The bell over the door dinged, and the proprietress looked up to call out her cheerful greeting, a smile on her face pointed towards the weathered, slightly stooped part-time ferryman, part-time fisherman. He bobbed his head in greeting to the proprietress before his gaze swept the small coffee shop, looking, I was sure, for me. When his eyes settled on me, the only foreign face in the place—with my dirty blonde hair and green eyes, I stuck out like a sore thumb—he bobbed his head again in a bow and headed my way, taking off his floppy hat and holding it in both hands, and he bowed. “Ashley Perry-san?” he asked.
I nodded and smiled. “That’s me.”
“The boat is ready,” he told me in heavily accented English. “Sorry for the wait.”
“Hai, chotto matte kudasai,” Please wait a moment, I answered in Japanese, just one phrase of my small vocabulary, and turned back to my laptop, typing a message to my mom.
The boat is ready.
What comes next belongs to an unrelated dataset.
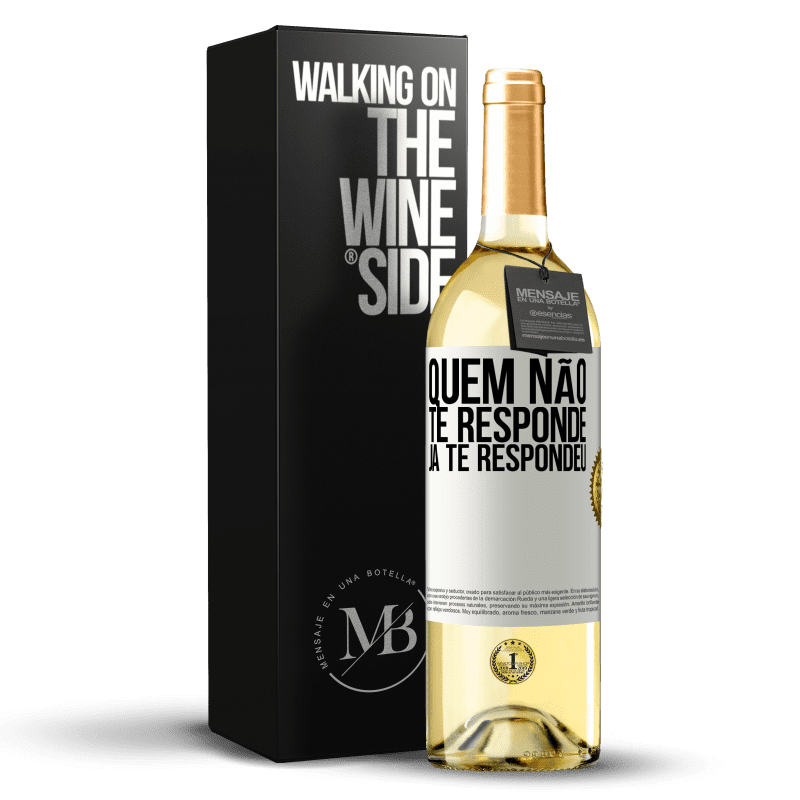 29,95 € Envio grátis | Vinho branco Edição WHITE Quem não te responde, já te respondeu Etiqueta Branca. Etiqueta personalizável Vinho jovem Colheita 2024 Verdejo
I have to go. I’ll contact you when I get back to Japan. I thought for a minute, then added, I’ll be fine. I know how to take care of myself.
It took a moment for the dots to return before the message popped up. Be safe, please. Love you.
Love you, too. My fingers flew over the keyboard before I powered it down, snapped the top shut, and stuffed it into my backpack.
The boat’s captain took one of my bags, and I hefted the other onto my shoulder after sliding my arms into the straps of my pack.
“Heavy,” he grunted as we pushed out of the coffee shop. I turned to bow a last thanks to the proprietress before skipping after.
“Scientific instruments,” I replied, miming typing on a computer and inspecting a test tube. I wasn’t even sure why I thought that would help, but the captain seemed to understand. He nodded anyway.
The walk to the dock was short, which was why I chose the coffee shop in the first place. That, and it had free access to the Internet so I could tie up some ends at work before being nearly unreachable.
The boat was small, with a crew of only two. They were helping load two other people and their bags as we came up. I had to bite back a smile as one of the passengers, a thin young man with a backpacker's pack, grasped tightly to the railings on either side of the boat deck as he stumbled on, clearly without his sea legs yet.